The 32-bit cases work fine though.
Also, I don't know why, but under 64-bit Linux the code currently in VEX also works flawlessly.
So I'm only experiencing the problem under Apple/64-bit.

I'm attaching the tool I use for testing (to be compiled with any 64-bit gcc).
I'm also attaching a patch against the current code in VEX that fixes the 64-bit problem.
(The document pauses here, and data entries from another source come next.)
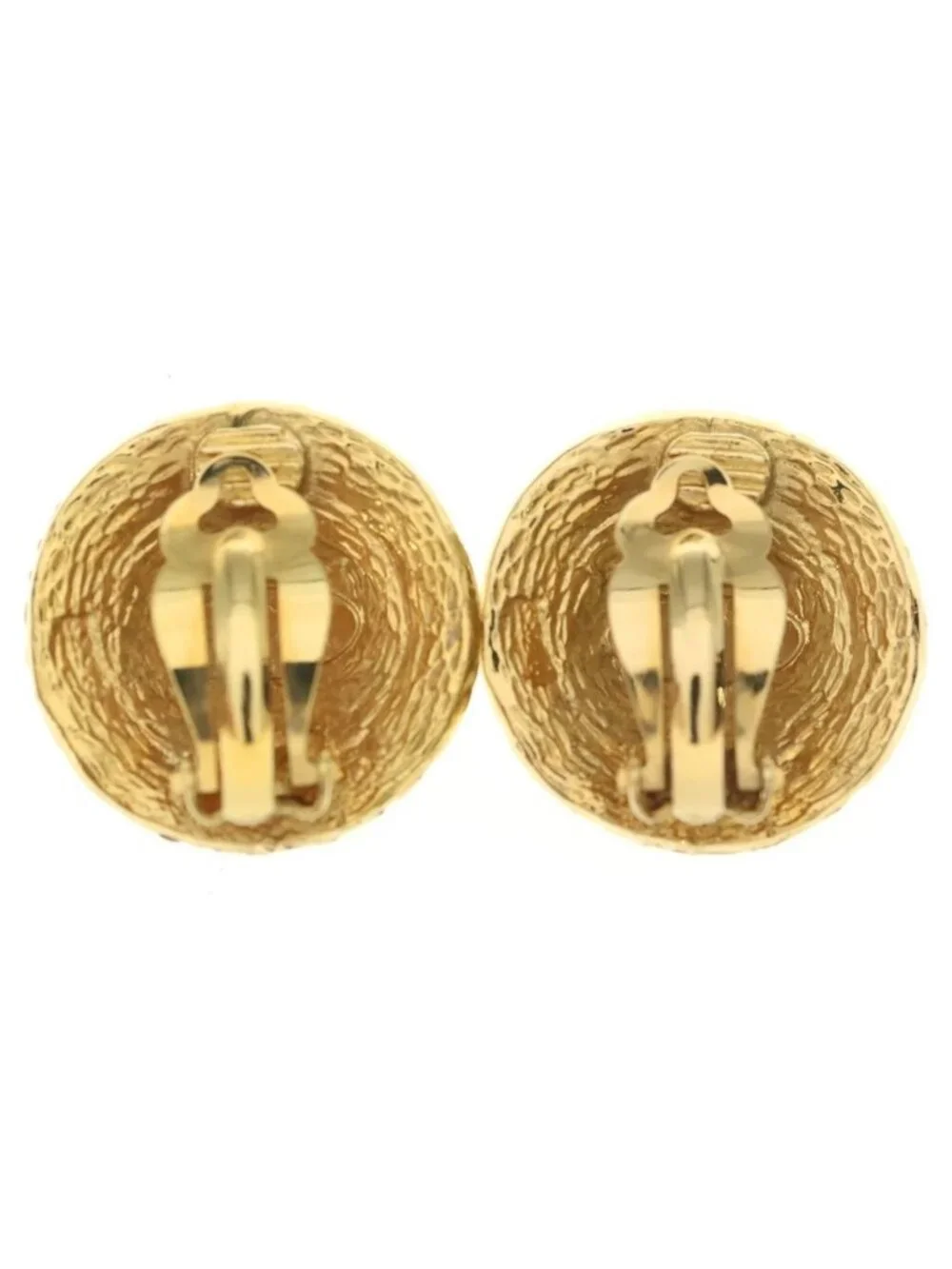 Chanel CC Logo Vintage Circle Earrings Gold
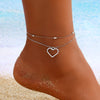 New Round Beads Double Layers Loving Heart Peach Heart Anklet Simple Multi-layer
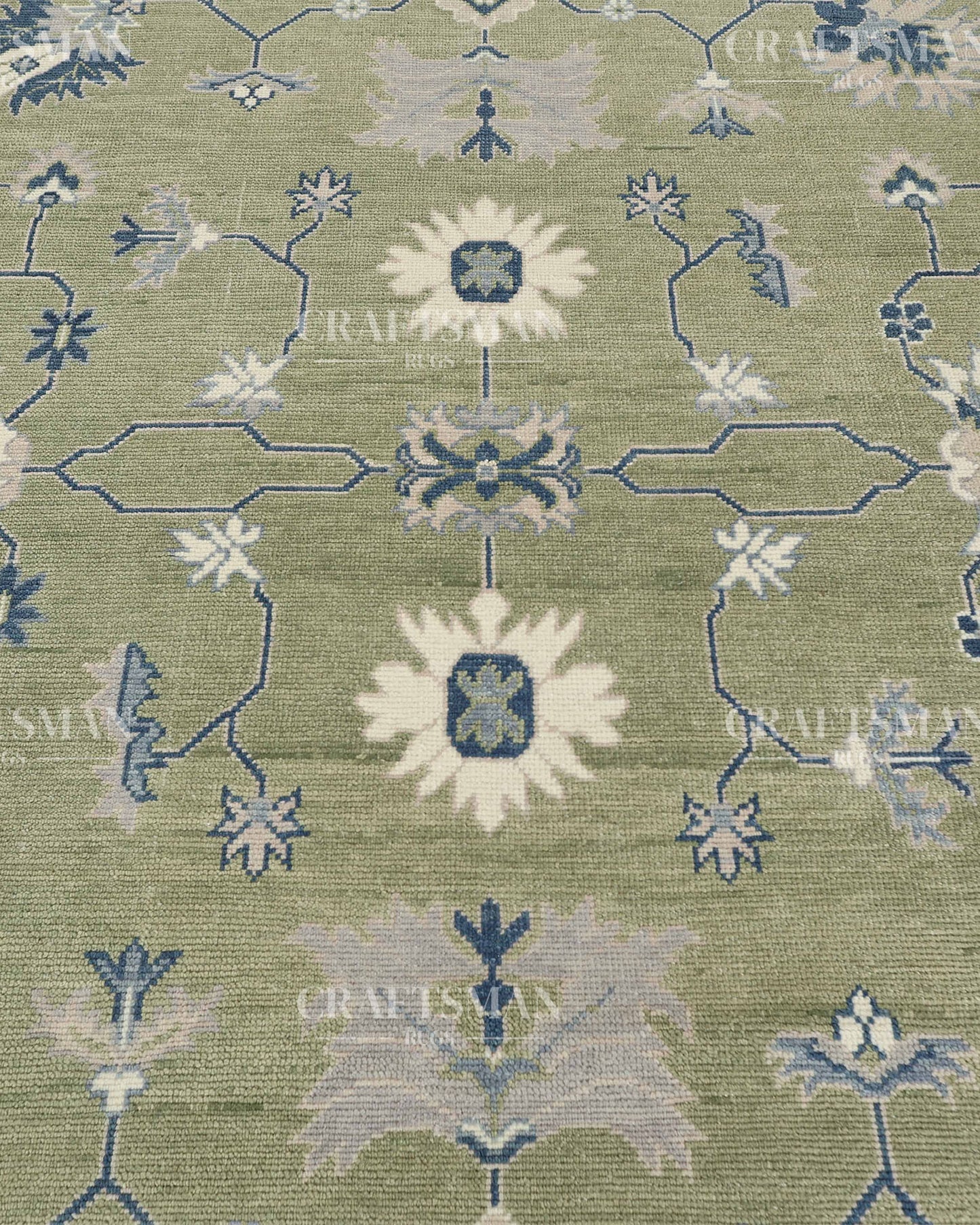 8x10 feet Wool Hand-Knotted Oushak-Inspired Rug | Craftsman Rugs Exclusive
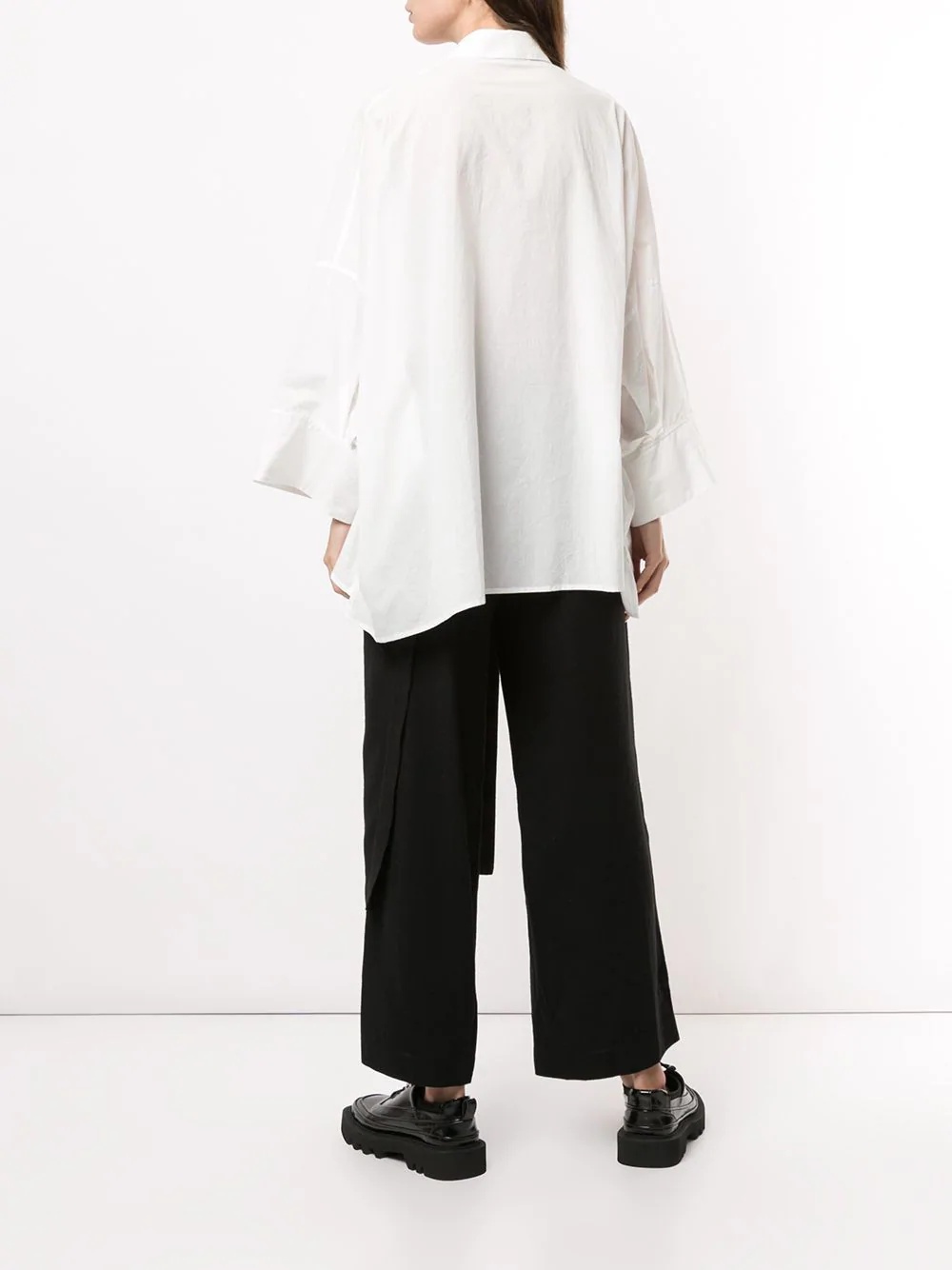 asymmetric-buttoned long-sleeve shirt - 4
Comment 5 Julian Seward 2011-01-17 23:59:22 UTC

(In reply to comment #4)

> vex amd64->IR: unhandled instruction bytes: 0x66 0x48 0xF 0x3A 0x17 0xF8 0xF0
> 0x48
> Also, I don't know why, but under 64-bit Linux the code currently in VEX also
> works flawlessly.

It's because the Apple assembler inserts a redundant REX.W prefix
byte.  Compare the bytes in the failure message

   0x66 0x48 0xF 0x3A 0x17 0xF8 0xF0

to objdump of the Linux binary

  4006a1:	66 0f 3a 17 f8 f0    	extractps $0xf0,%xmm7,%eax

there is no 48 after the 66 here.


Instead of the patch in comment 3, can you try this?  It is the
same as yours, except it also allows a redundant REX.W==1 for the
memory case, which I think would be OK.

Index: VEX/priv/guest_amd64_toIR.c
===================================================================
--- VEX/priv/guest_amd64_toIR.c	(revision 2079)
+++ VEX/priv/guest_amd64_toIR.c	(working copy)
@@ -14649,7 +14649,7 @@
       identical to PEXTRD, except that REX.W appears to be ignored.
    */
    if ( have66noF2noF3( pfx ) 
-        && sz == 2  /* REX.W == 0; perhaps too strict? */
+        && (sz == 2 || /* ignore redundant REX.W */ sz == 8)
         && insn[0] == 0x0F && insn[1] == 0x3A && insn[2] == 0x17 ) {
 
       Int imm8_10;

Comment 6 Veselin Georgiev 2011-01-18 11:53:27 UTC

(In reply to comment #5)
> (In reply to comment #4)
> 
> > vex amd64->IR: unhandled instruction bytes: 0x66 0x48 0xF 0x3A 0x17 0xF8 0xF0
> > 0x48
> > Also, I don't know why, but under 64-bit Linux the code currently in VEX also
> > works flawlessly.
> 
> It's because the Apple assembler inserts a redundant REX.W prefix
> byte.  Compare the bytes in the failure message
> 
>    0x66 0x48 0xF 0x3A 0x17 0xF8 0xF0
> 
> to objdump of the Linux binary
> 
>   4006a1:    66 0f 3a 17 f8 f0        extractps $0xf0,%xmm7,%eax
> 
> there is no 48 after the 66 here.
> 
> 
> Instead of the patch in comment 3, can you try this?  It is the
> same as yours, except it also allows a redundant REX.W==1 for the
> memory case, which I think would be OK.
> 
> Index: VEX/priv/guest_amd64_toIR.c
> ===================================================================
> --- VEX/priv/guest_amd64_toIR.c    (revision 2079)
> +++ VEX/priv/guest_amd64_toIR.c    (working copy)
> @@ -14649,7 +14649,7 @@
>        identical to PEXTRD, except that REX.W appears to be ignored.
>     */
>     if ( have66noF2noF3( pfx ) 
> -        && sz == 2  /* REX.W == 0; perhaps too strict? */
> +        && (sz == 2 || /* ignore redundant REX.W */ sz == 8)
>          && insn[0] == 0x0F && insn[1] == 0x3A && insn[2] == 0x17 ) {
> 
>        Int imm8_10;

Ah! Of course, you are right. I tried your patch - it works now under OS X.
I knew it was strange to get different results between OS X and Linux...

Comment 7 Julian Seward 2011-01-19 13:24:22 UTC

Followup fixed committed as vex r2081.